Uno sguardo dal ponte

Arthur Miller, Uno sguardo dal ponte

Regia di Massimo Popolizio

Torino, Teatro Carignano, 8 febbraio 2023

Hanno ammazzato Eddie Carbone

Secondo lavoro di Arthur Miller della stagione dello Stabile di Torino, Uno sguardo dal ponte (A View from the Bridge) andò in scena come atto unico nel 1955 a New York con scarso successo, così l’autore ne fece una revisione in due atti presentata l’anno successivo a Londra con la regia di Peter Brook e da allora è entrato nella rosa dei maggiori lavori del drammaturgo, scrittore, sceneggiatore e giornalista newyorchese.

La commedia è ambientata nell’America degli anni Cinquanta, in un quartiere italo-americano vicino al ponte di Brooklyn a New York. È presente un narratore nel personaggio di Alfieri, un avvocato italo-americano, che racconta di Eddie, il tragico protagonista che ha un’ossessione per Catherine, la nipote orfana di sua moglie Beatrice, per cui non approva il corteggiamento da parte del cugino di Beatrice, Rodolfo. La gelosia lo porterà a denunciarlo come immigrato illegale e poi a diventare vittima della collera del fratello Marco.

L’interesse di Miller per la scrittura sul mondo dei moli di New York era nata da un fatto di cronaca nera che divenne una sceneggiatura non prodotta sviluppata con Elia Kazan all’inizio degli anni Cinquanta intitolata The Hook (L’uncino) che trattava della corruzione sui moli di Brooklyn. In seguito Kazan diresse On the Waterfront (Fronte del porto) su un argomento simile. Nel 1958 Luchino Visconti metteva in scena la versione italiana di Uno sguardo dal ponte e nel successivo film Rocco e i suoi fratelli affrontava un vicenda analoga.

Coprodotto con la Compagnia Umberto Orsini, il Teatro di Roma e l’ERT (Emilia e Romagna Teatro) lo spettacolo ora sul palcoscenico del Carignano porta la firma registica di Massimo Popolizio che riserva per sé la parte di Eddie. La scenografia di Marco Rossi è ingombra di vecchi mobili, la memoria della Sicilia lasciata dagli immigrati, che si confondono con le casse e i sacchi scaricati dalle navi sull’East River. Popolizio così racconta il suo spettacolo: «Tutta l’azione è un lungo flash-back: Eddie Carbone, il protagonista, entra in scena quando tutto il pubblico già sa che è morto. Per me è una magnifica occasione per mettere in scena un testo che chiaramente assomiglia molto a una sceneggiatura cinematografica e che, come tale, ha bisogno di primi, secondi piani e campi lunghi. Alla luce di tutto il materiale che questo testo ha potuto generare dal 1955 ad oggi – film, fotografie, serie televisive – credo possa essere interessante e “divertente” una versione teatrale che tenga presente tutti questi “figli”. Una grande storia raccontata come un film, ma a teatro».

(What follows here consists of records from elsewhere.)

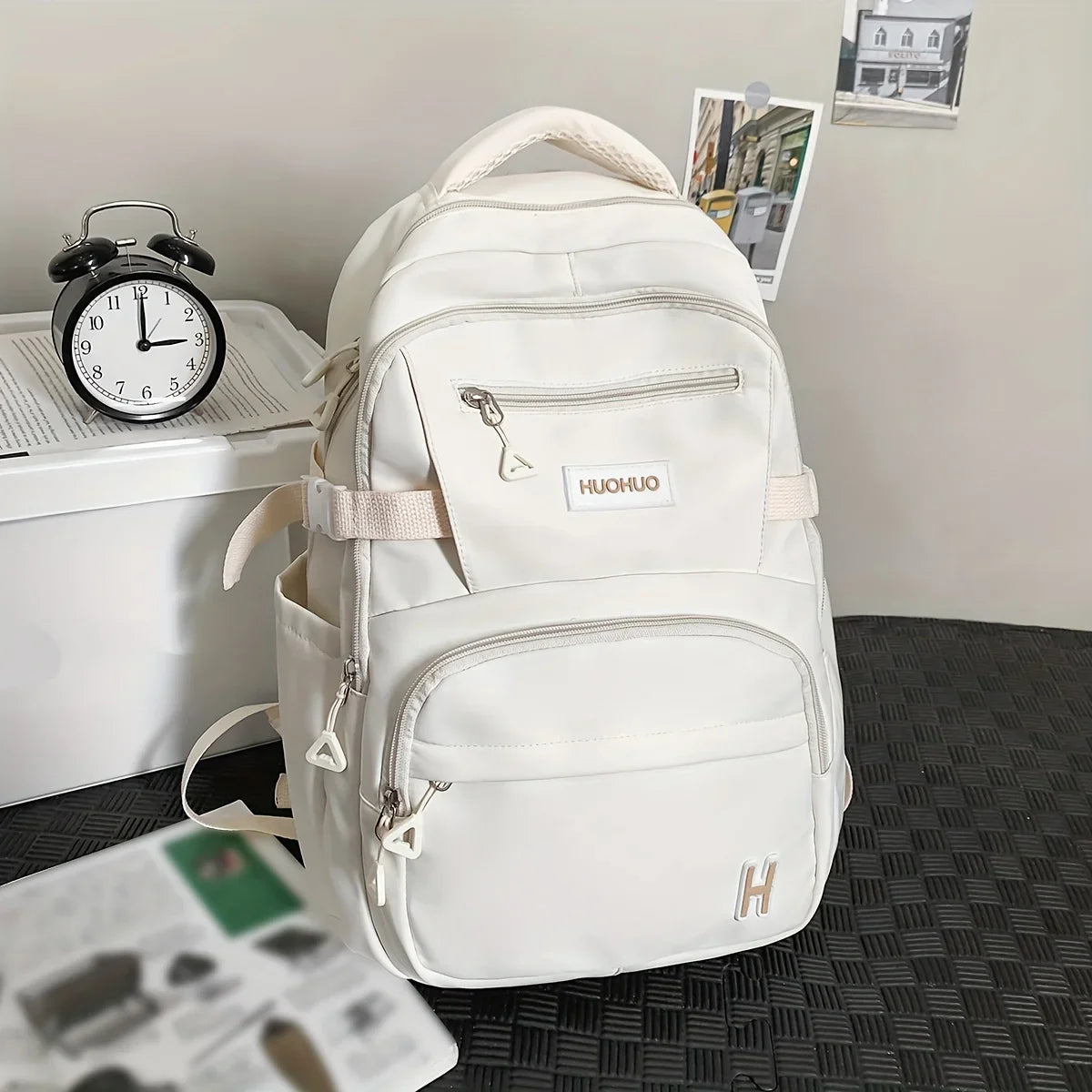 eybag Daily Large-capacity Casual Backpack for Women Korean Versatile High School Student College Student Bag Daily Work Clothing Travel Backpack Trendy Brand Men's Backpack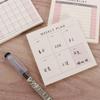 Stationery Notebook School Supplies Check List Weekly Plan Memo Pad Daily Weekly Month Planner
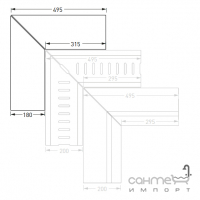 Внутренний угол кромки для решеток Mayor Stromboli Pack Esquina Borde Soporte Canarias Ref. BSCA EI00 М-733 Light Белый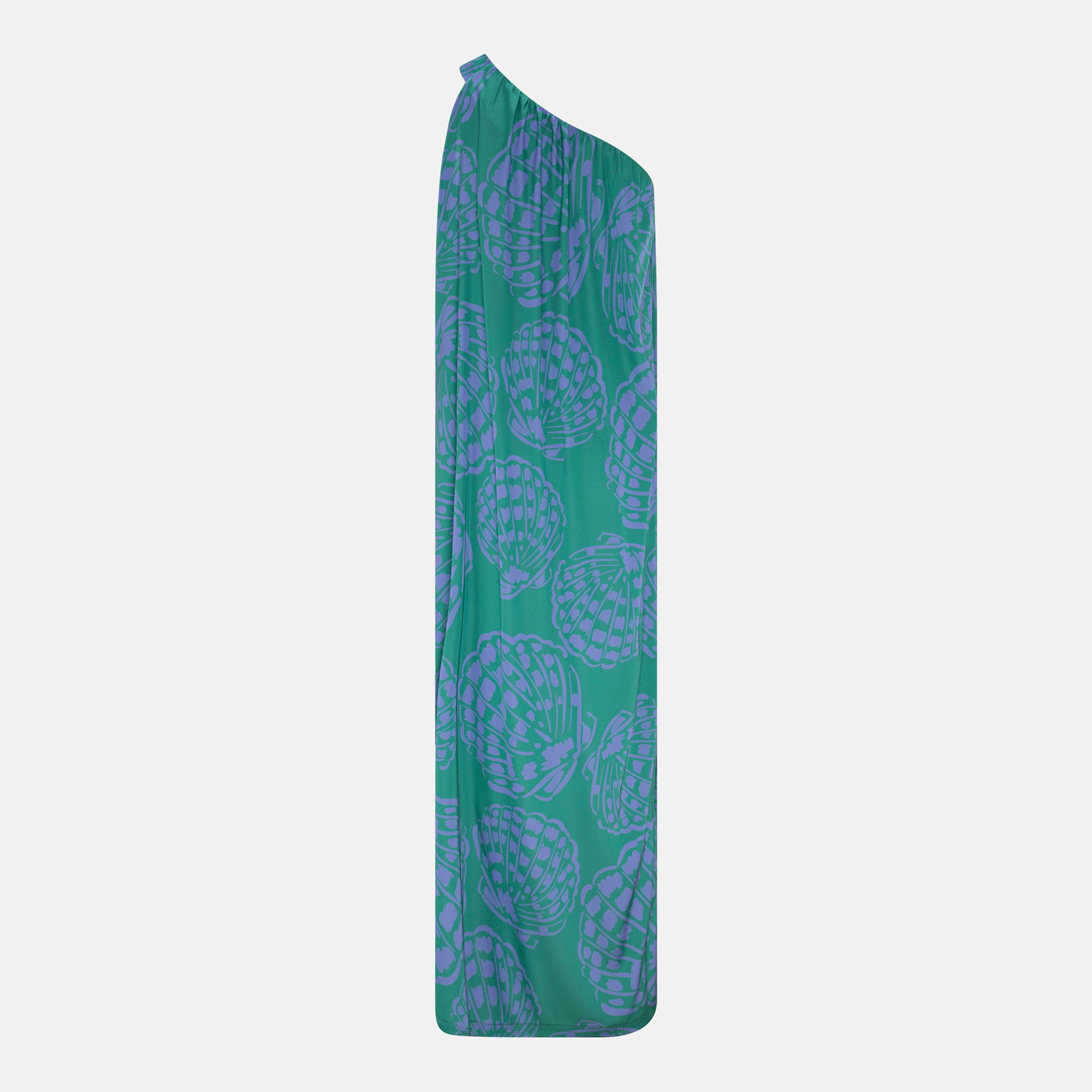 ARIEL ONE SHOULDER LONG DRESS GREEN LILAC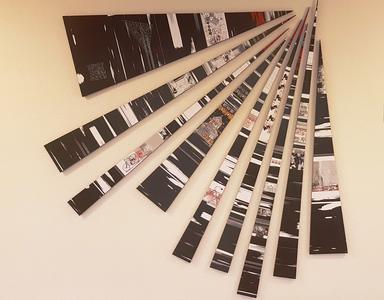 Bild vergr&ouml;&szlig;ern: Die Ausstellung zeigt unter anderem eine Installation zum Thema „Dreieck“ von Reinhold Wohlleben. 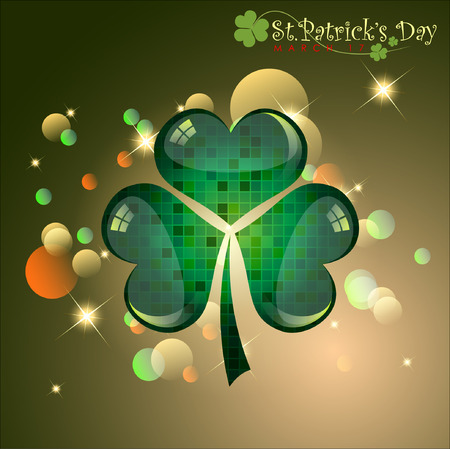 Abstrackt of St.Patrick\'s Day, Background Design, Illustrationのイラスト素材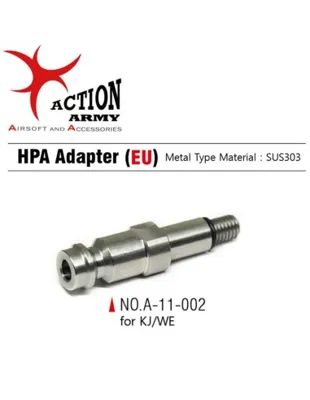 Stainless Steel HPA Adaptor for KJ/WE - EU - AAC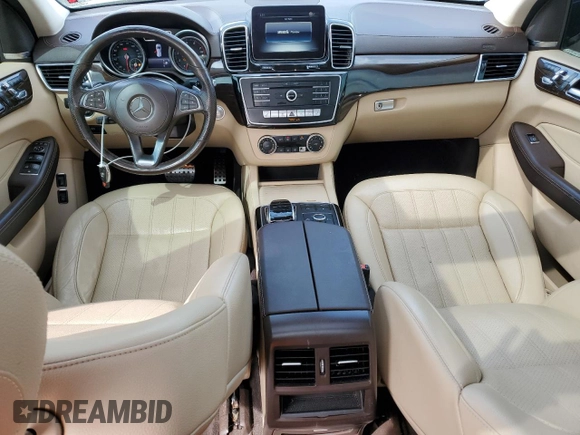 2018 Mercedes-Benz GLS 450 with VIN 4JGDF6EE7JB149174, listed as a Copart auction lot 49499445 with 90,870 mi miles and Salvage Title. Bid and sale history available at DreamBid. Image 8.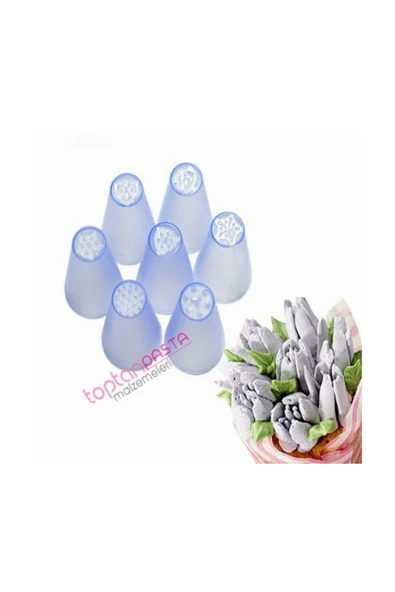 Siliko World Polikarbon Kırılmaz Rus Duy Seti 16 Adet ve 10 Adet Krema Torbası Hediye - 6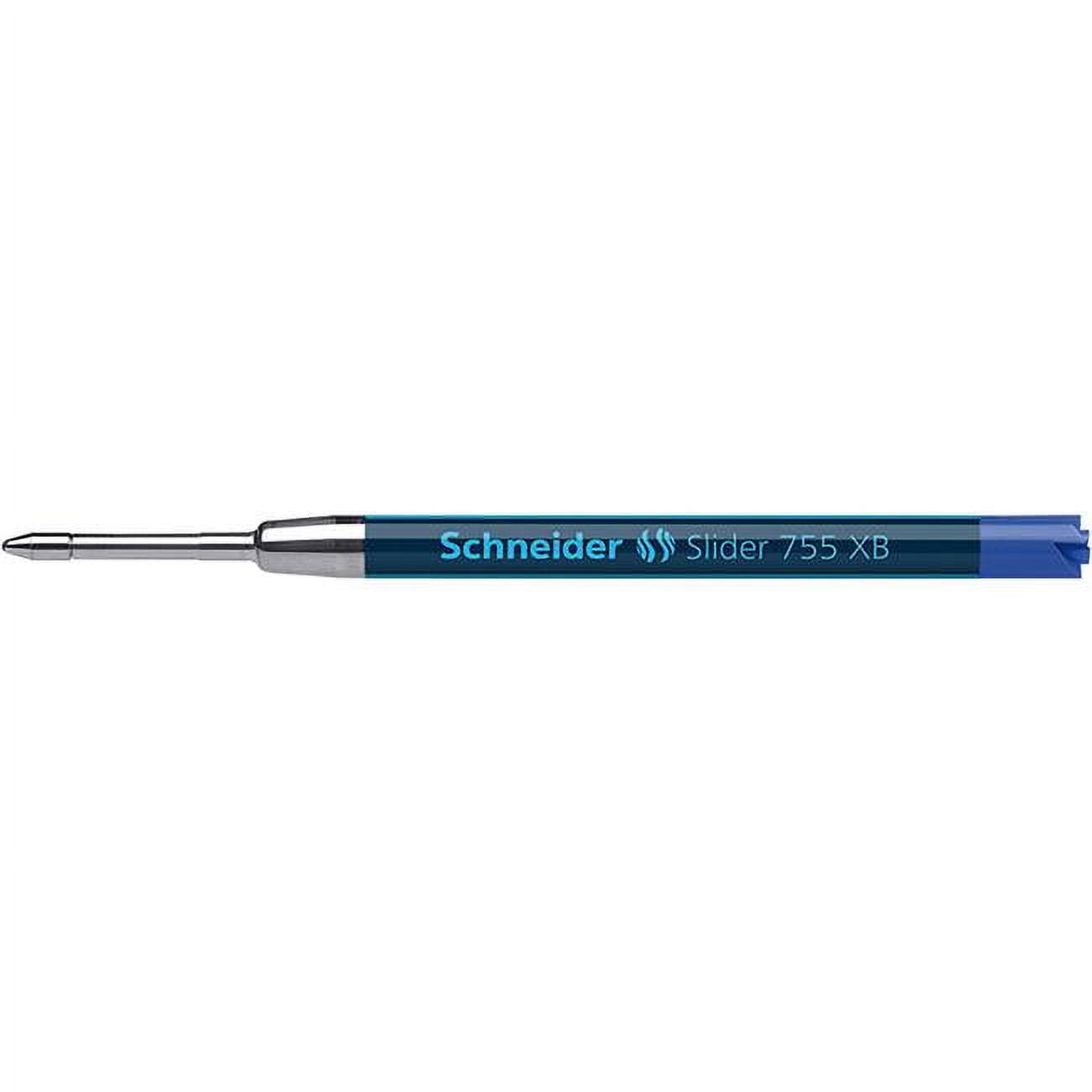 Schneider Slider 755 XB Ballpoint Pen Refill Viscoglide Ink Blue Pack of 10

E così è nella sua regia di taglio quasi cinematografico, con scene che hanno la brevità di una sequenza da film muto, e nella recitazione, dove il dialetto siciliano dei nuovi arrivati è ancora così forte rispetto a quello dei “merigans” che si sono ormai adattati, primi fra tutti i giovani Catherine e Rodolfo. Popolizio non calca la mano sugli aspetti più morbosi della storia, la passione incestuosa del vecchio zio per la nipote, ma preferisce evidenziarne gli aspetti di scottante attualità: la fuga dalla povertà, le tensioni fra gli immigrati, la caccia allo straniero, la brutalità della polizia. Son passati quasi settant’anni dal 1955 ma tutti questi  problemi sono ancora tragicamente attuali, come ci ricordano i bravi attori in scena: oltre al fuoriclasse Massimo Popolizio che delinea un Eddie Carbone quasi rassegnato al suo tragico destino, Valentina Sperlì (Beatrice), Michele Nani (l’avvocato Alfieri), Raffaele Esposito (Marco), Lorenzo Grilli (Rodolfo), Gaja Masciale (Catherine), Felice Montervino (Tony), Marco Mavaracchio e Gabriele Brunelli (i poliziotti), Marco Parlà (Louis). Il folto pubblico che ha disdegnato la seconda serata di Sanremo li ha applauditi con calore.